◆ **Caption-style text data**
*** Block opens ***
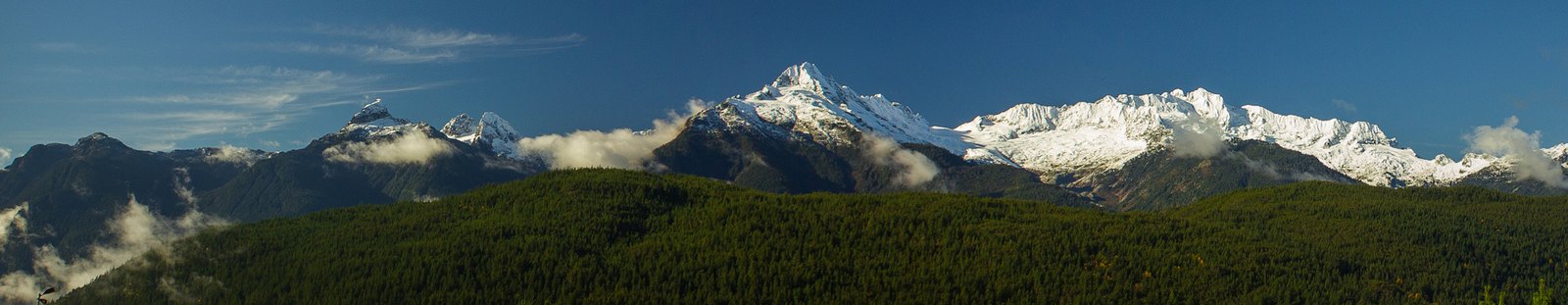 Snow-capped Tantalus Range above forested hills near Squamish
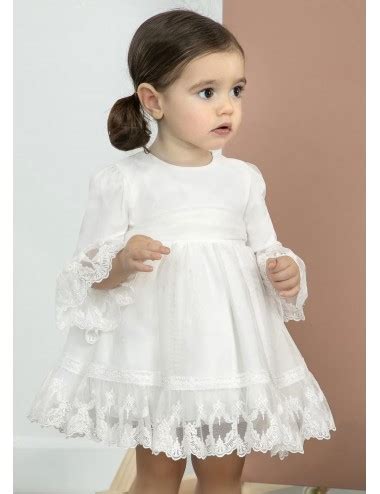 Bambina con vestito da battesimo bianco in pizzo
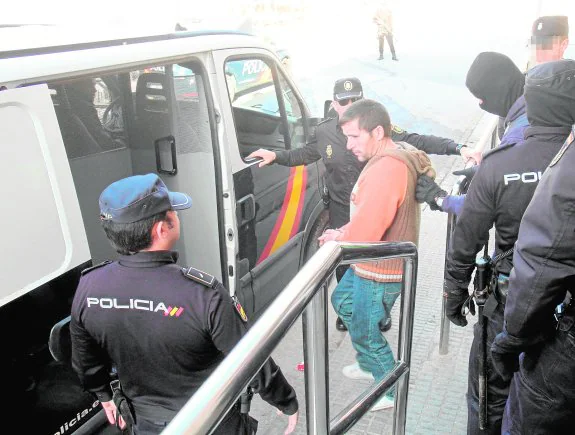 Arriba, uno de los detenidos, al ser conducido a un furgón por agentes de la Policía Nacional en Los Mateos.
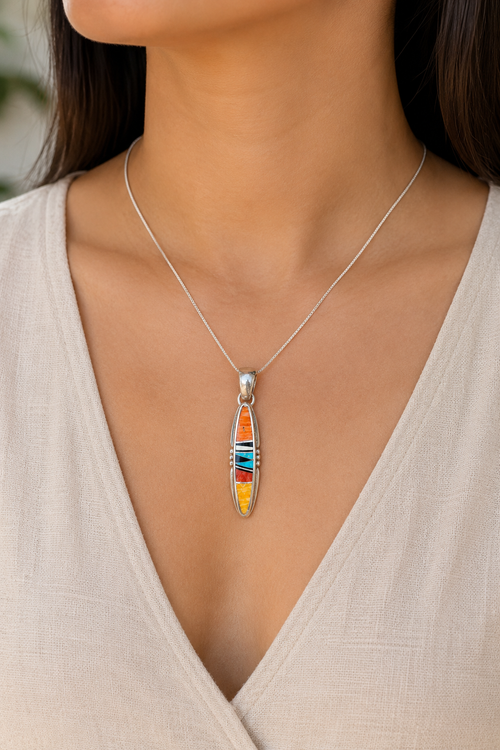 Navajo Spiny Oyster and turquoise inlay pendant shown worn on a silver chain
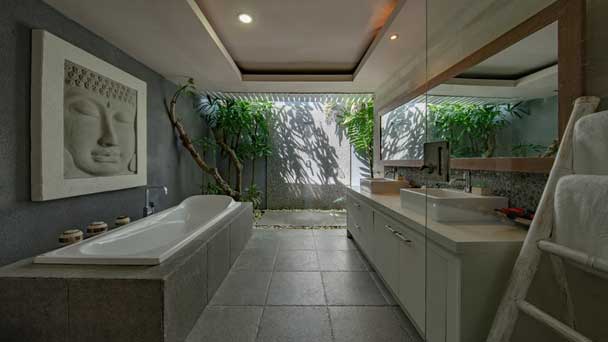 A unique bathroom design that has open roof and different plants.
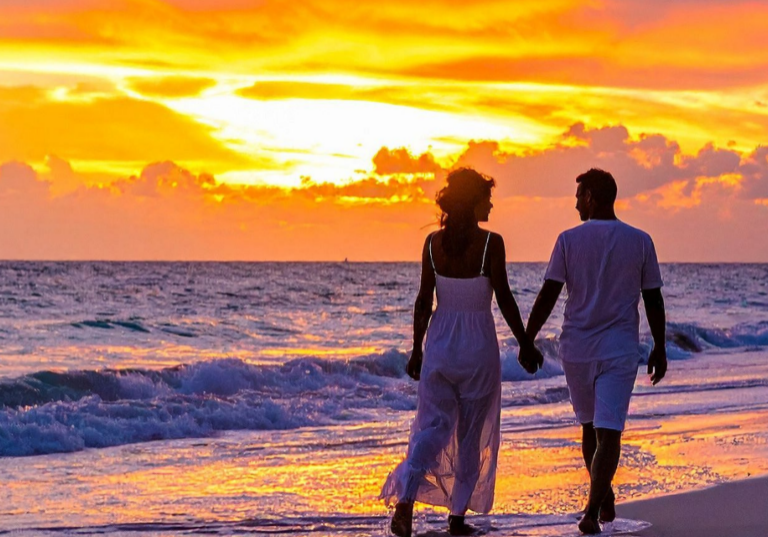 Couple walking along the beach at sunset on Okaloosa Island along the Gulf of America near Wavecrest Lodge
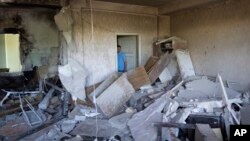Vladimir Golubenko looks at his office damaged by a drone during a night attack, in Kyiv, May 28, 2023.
*** Block closes ***
◆ **ACTIVITY**
Drop the pictures, then write out only the lines running from the one containing "Navajo Spiny Oyster" through the last line above, both included, exactly.

◆ **TASK RESULT**
 Navajo Spiny Oyster and turquoise inlay pendant shown worn on a silver chain
 A unique bathroom design that has open roof and different plants.
 Couple walking along the beach at sunset on Okaloosa Island along the Gulf of America near Wavecrest Lodge
Vladimir Golubenko looks at his office damaged by a drone during a night attack, in Kyiv, May 28, 2023.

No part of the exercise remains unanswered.